Les personnes vaccinées avec Zostavax ont un risque réduit de démence
Les résultats sont parus début avril dans Nature. Pendant ce suivi de 7 ans, 35 307 patients ont reçu un nouveau diagnostic de démence. Les auteurs ont calculé que le fait d’être éligible au vaccin (naissance le 2 septembre 1933 ou après) réduisait de 8,5 % (IC95 % = [1,9 % ; 15,1 %]) le risque relatif d’un diagnostic de démence sur cette période. En se restreignant aux patients éligibles qui ont en effet reçu le vaccin, cette réduction relative atteignait 20,0 % (IC95 % = [6,5 % ; 33,4 %]) – soit une réduction absolue de 3,5 % sur 7 ans de la probabilité de nouveau diagnostic de démence chez les vaccinés (IC95 % = [0,6 % ; 7,1 %] ; p-value = 0,019). L’effet protecteur était plus marqué chez les femmes que chez les hommes. Ces résultats se retrouvent en utilisant la même approche en Angleterre, au schéma vaccinal quasi-identique au pays de Galles.
Notons que les auteurs ont exclu d’autres possibles facteurs confondants qui pourraient justifier ces résultats, et notamment l’accès de la population à d’autres thérapeutiques à partir de 1933 (outre le vaccin contre le zona) ou la moindre utilisation, chez les vaccinés, d’opioïdes (ces derniers étant souvent prescrits lors des épisodes de zona).
Les causes à explorer
Pour les auteurs, ces résultats prouvent que Zostavax peut limiter ou retarder l’apparition d’une démence, et ce d’une manière plus robuste que les études précédentes.
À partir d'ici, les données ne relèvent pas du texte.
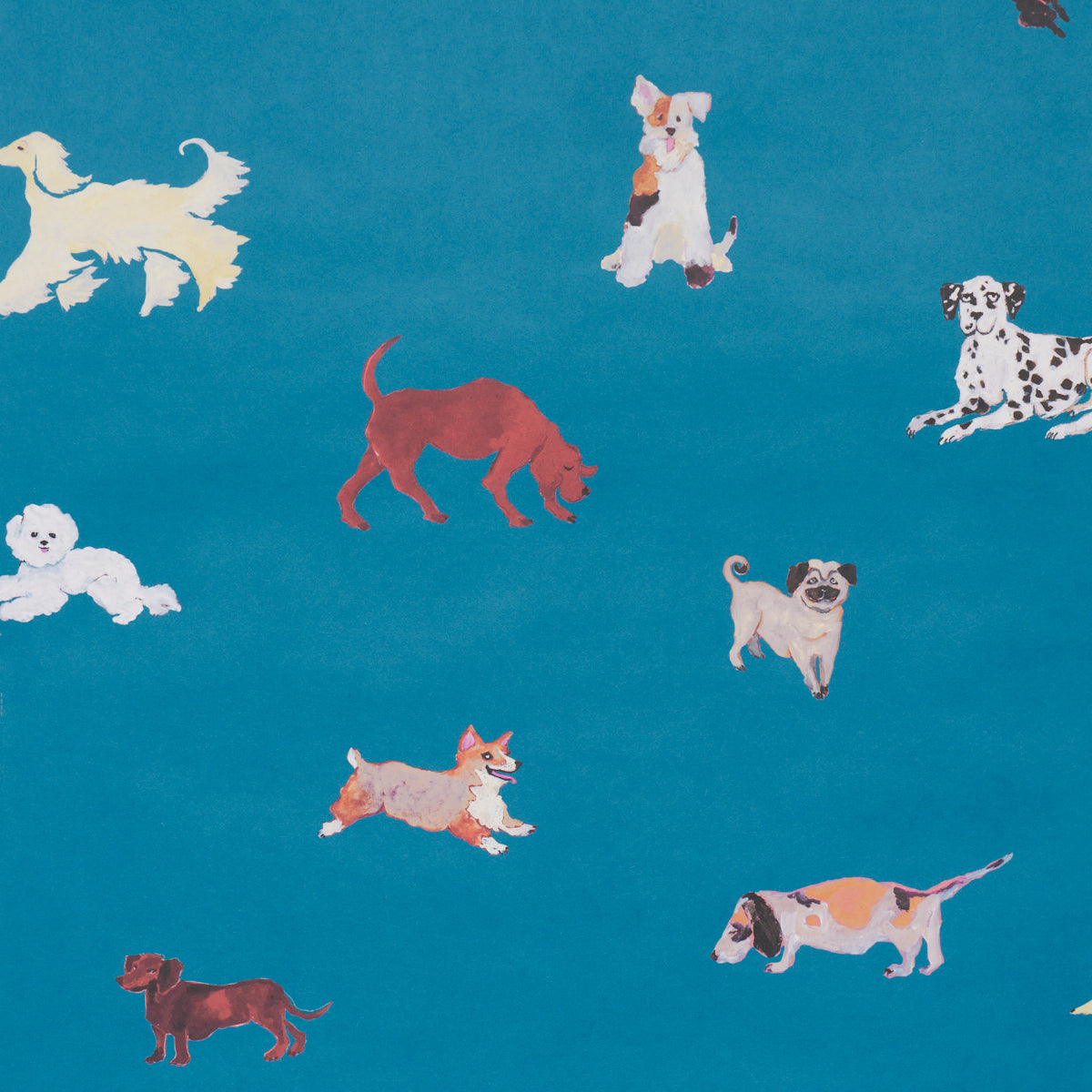 Dogs Cerulean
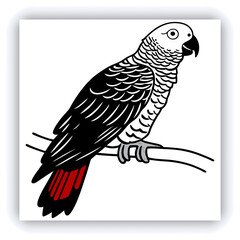 Horizontal banner with two beautiful colorful toucan birds (Ramphastidae) on a branch in a rainforest. Couple of toucan bird and leaves of tropical plants on sunny background. Copy space for text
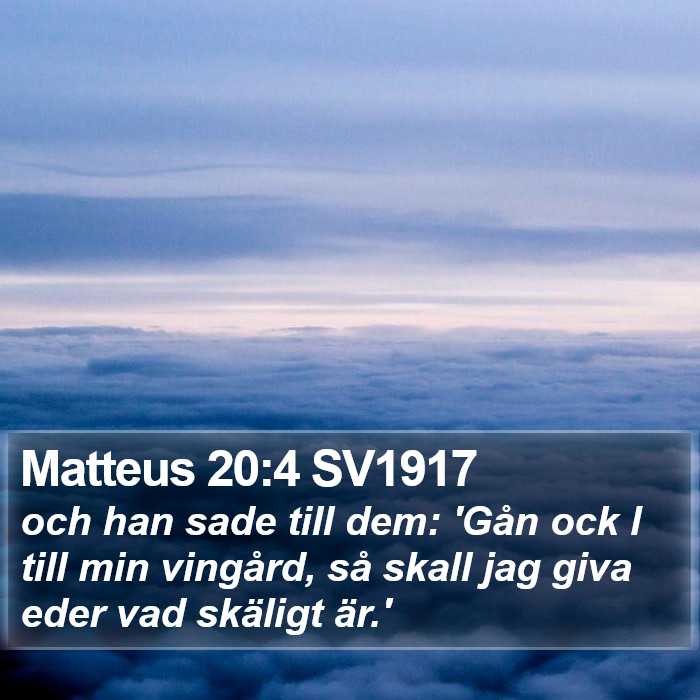 Matteus 20:4 SV1917 Bible Study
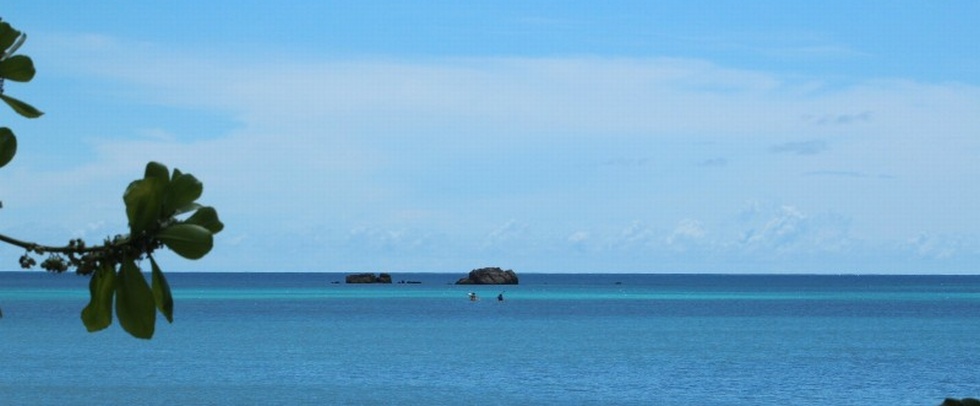 HELICONIA GROVE - Praslin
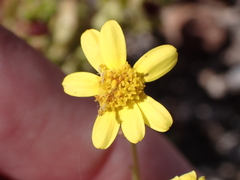 Senecio glaucus image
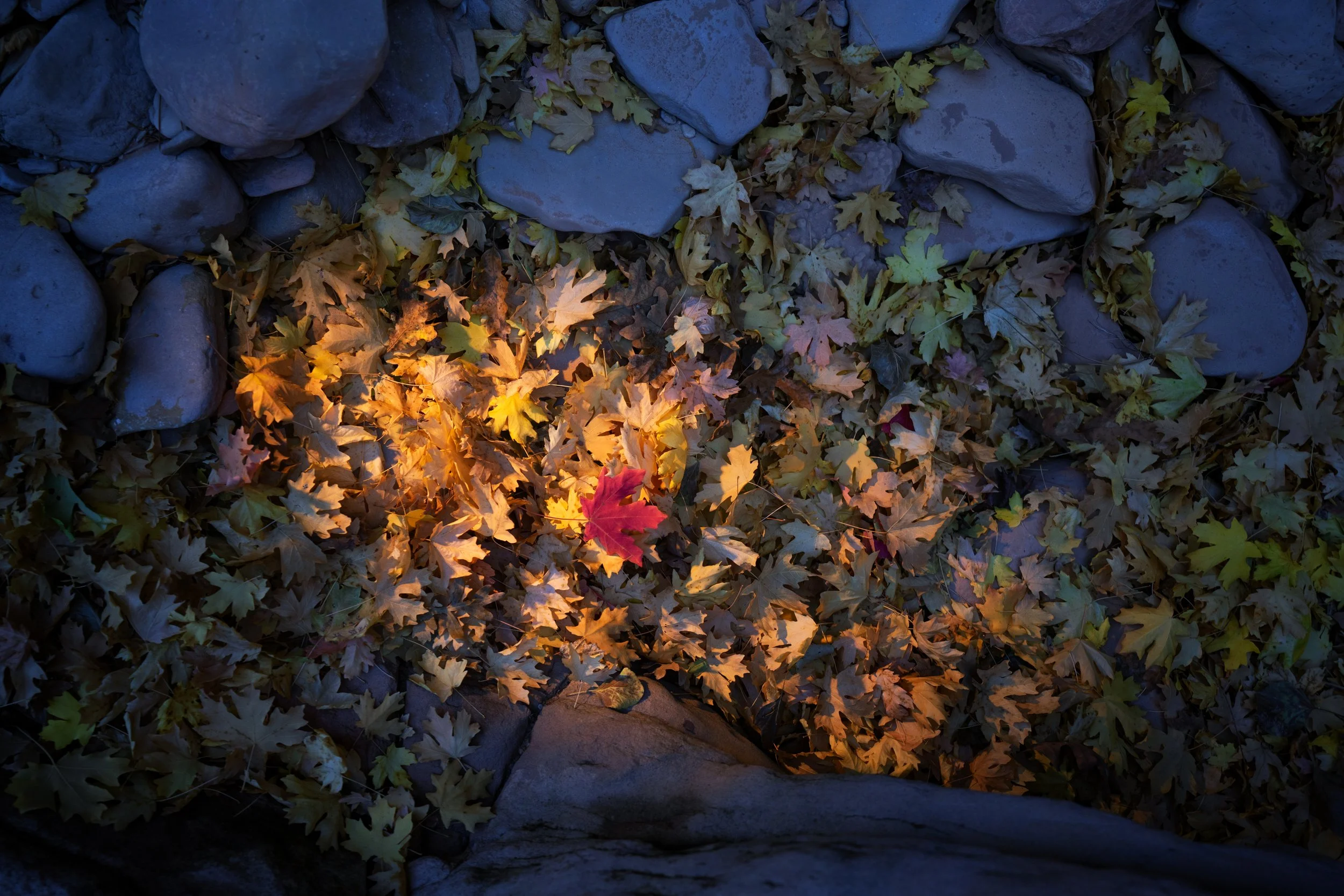 10-31-2023-Zion-Nat-Geo-TPJ06833-Edit.jpg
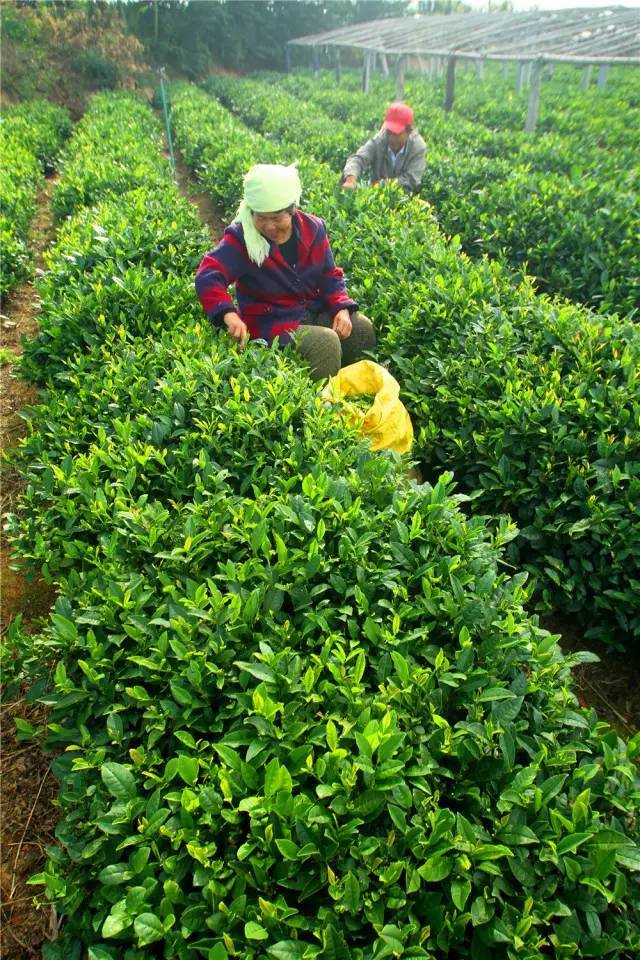 “竹风茶韵小江南”黄岛的这里越来越美了！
Toutefois, la cause de cet effet protecteur reste peu claire. Dans un éditorial accompagnant l’étude, le Dr Anupam B. Jena, de l’unversité de Harvard (États-Unis), évoque deux pistes pour expliquer l’effet « anti-démence » de Zostavax :
- une réaction immunitaire généralisée déclenchée par le vaccin, capable de réduire la neuro-inflammation causée par d’autres raisons que l’infection par le virus varicelle-zona ;
- une moindre réactivation post-vaccination des virus varicelle-zona « dormants », potentiellement neurotoxiques ; leur réactivation est en effet suspectée de causer un dépôt de plaques β-amyloïdes, des dommages aux vaisseaux sanguins et l’agrégation des protéines tau.
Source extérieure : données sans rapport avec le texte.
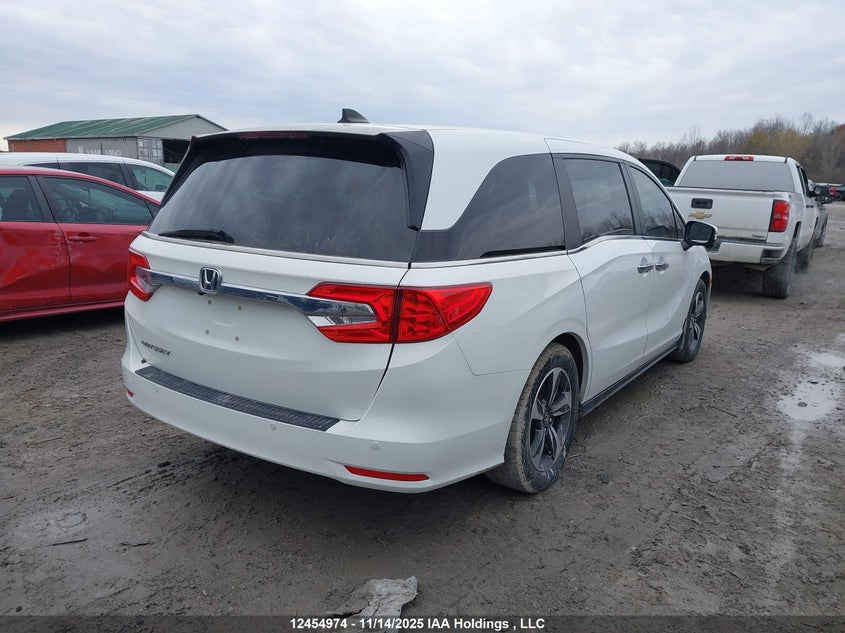 5FNRL6H65LB505029 2020 HONDA ODYSSEY photo no. 4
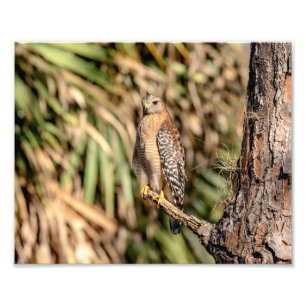 Impression Photo 10x8 Buse à épaulettes rouge dans un arbre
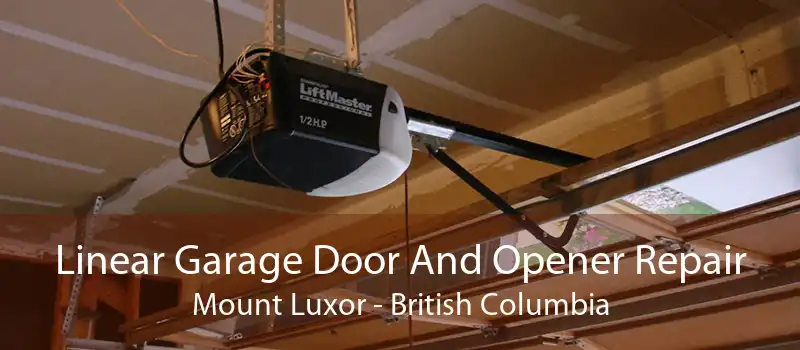 Linear Garage Door And Opener Repair Mount Luxor - British Columbia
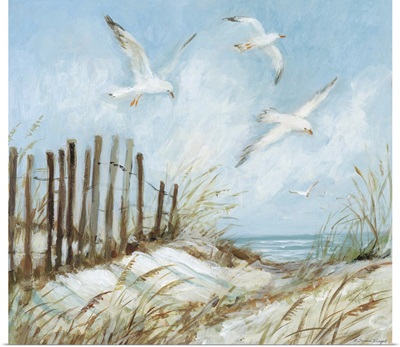 Sand Dunes With Seagulls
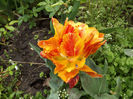 DSCF6457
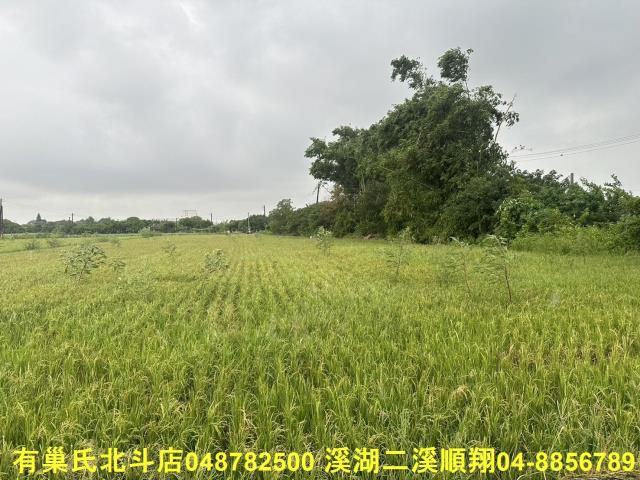 彰化福興農地-3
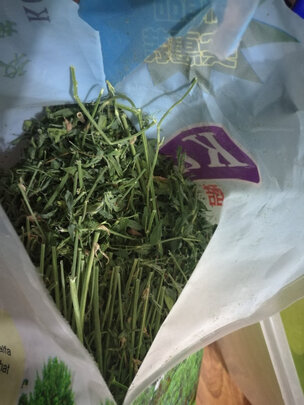 兔粮苜蓿草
Bien que les mécanismes restent à élucider, cette étude a une implication profonde : peut-on envisager la vaccination contre le zona comme outil de prévention à grande échelle contre la démence ?
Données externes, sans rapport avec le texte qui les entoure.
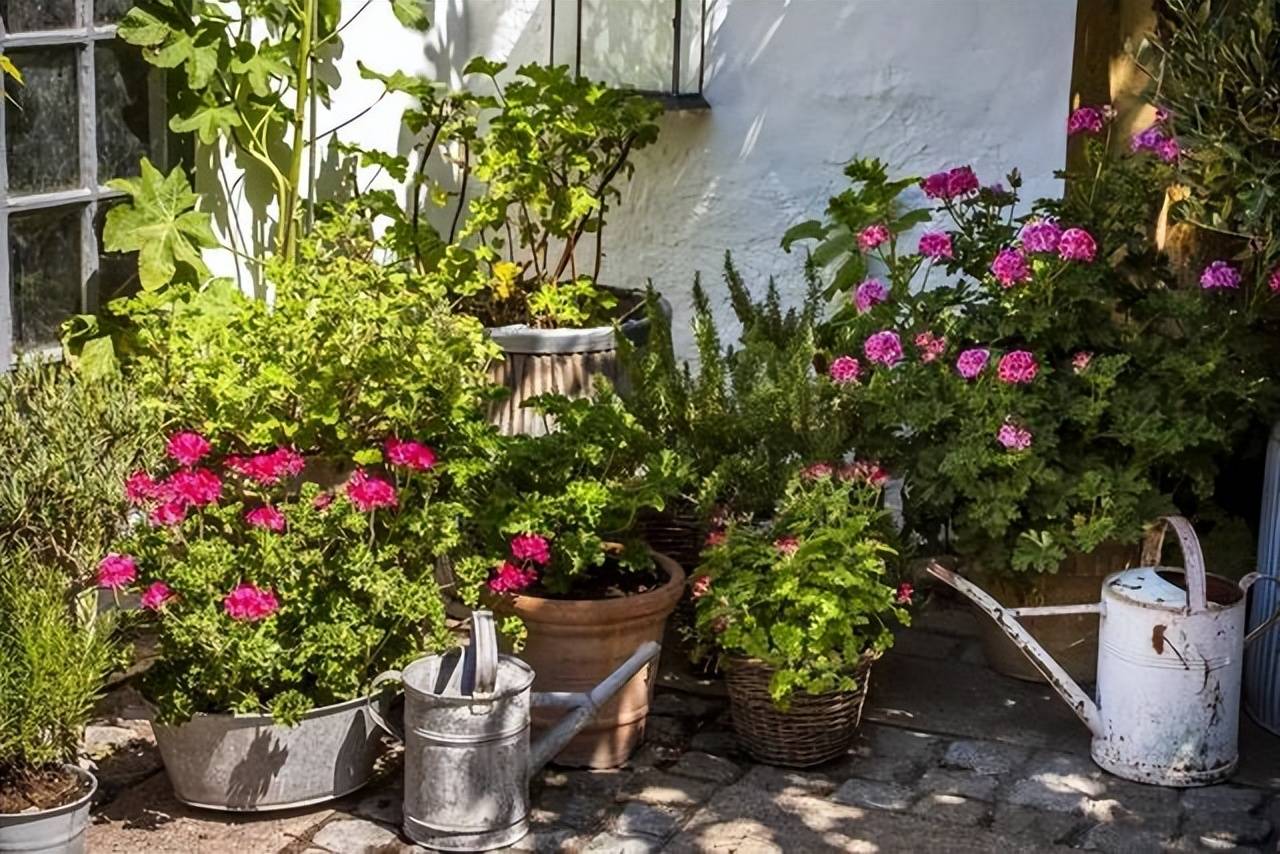 8 hiểu lầm lớn khi trồng cây cảnh, bảo sao &quot;nâng như nâng trứng&quot; mà cây vẫn chết - Ảnh 2.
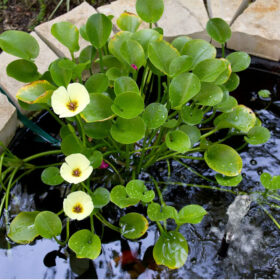 Hydrocleys nymphoides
Reste aussi à déterminer si cet effet protecteur s’applique aussi au Shingrix, le vaccin recommandé contre le zona par la HAS depuis mars 2024, et remboursé depuis le 14 décembre 2024. Sa technologie est en effet différente : il s’agit d’un recombinant avec adjuvant et non d’un vaccin vivant atténué comme Zostavax. Les premiers résultats vont dans le même sens, d’après une communication publiée en juillet 2024 dans Nature Medicine, qui utilise aussi un design fondé sur une expérience naturelle (un changement de schéma vaccinal mis en place en 2017 aux États-Unis).
Eyting M, Xie M, Michalik F, et al. A natural experiment on the effect of herpes zoster vaccination on dementia. Nature 2 avril 2025.